Uniccon Group is a Nigerian-based tech company founded by Chuks Ekwueme. The company is known for its development of Omeife - Africa's first humanoid robot.

History 
The company was created in 2020 by Chuks Ekwueme. In April, two years after the company was founded, it launched a cybersecurity application known as Lossless Security to curb cybercrime and stave off threats to national security. The cybersecurity application is said to be worth $40million.

Omeife 
Omeife is a female-looking humanoid robot that was developed by Uniccon Group. The multilingual humanoid is known as Africa's first humanoid robot and is programmed to speak Pidgin, Yoruba, English, French, Arabic, Kiswahili, Hausa, Igbo and Afrikaans.

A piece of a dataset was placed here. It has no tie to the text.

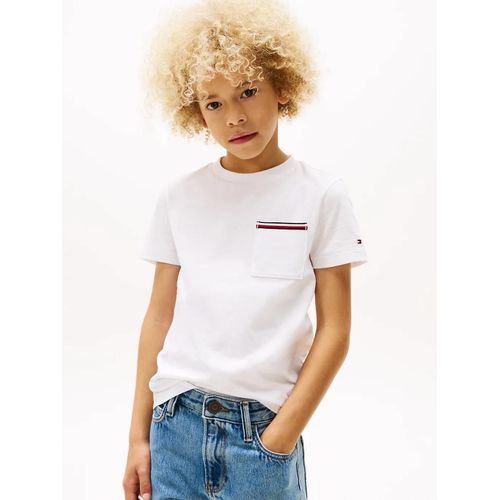 T-Shirt À Poche Plaquée Pocket Tee S/S/White - 104 Cm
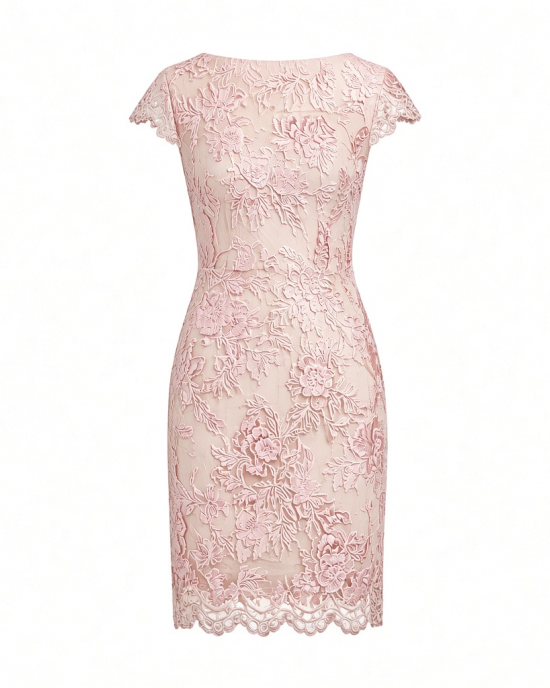 Alex Evenings Women's Short Embroidered Cocktail Dress, Wedding Guest (Petite and Regular Sizes)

Omeife was first conceptualized in 2020 and built as a female Igbo character. The robot is powered by artificial intelligence with deep learning and understanding of the African culture and behavioral patterns.

Partnerships 
In December 2022, the Canada Trade Commissioner from Global Affairs Canada visited Uniccon Group's headquarters in Abuja to explore areas of possible collaboration worth $12.6Billion.
In January 2023, The National Information Technology Development Agency (NITDA) partnered with Uniccon Group to achieve the Federal Government’s digital literacy goal of attaining ninety-five percent digital literacy in Nigeria by 2030.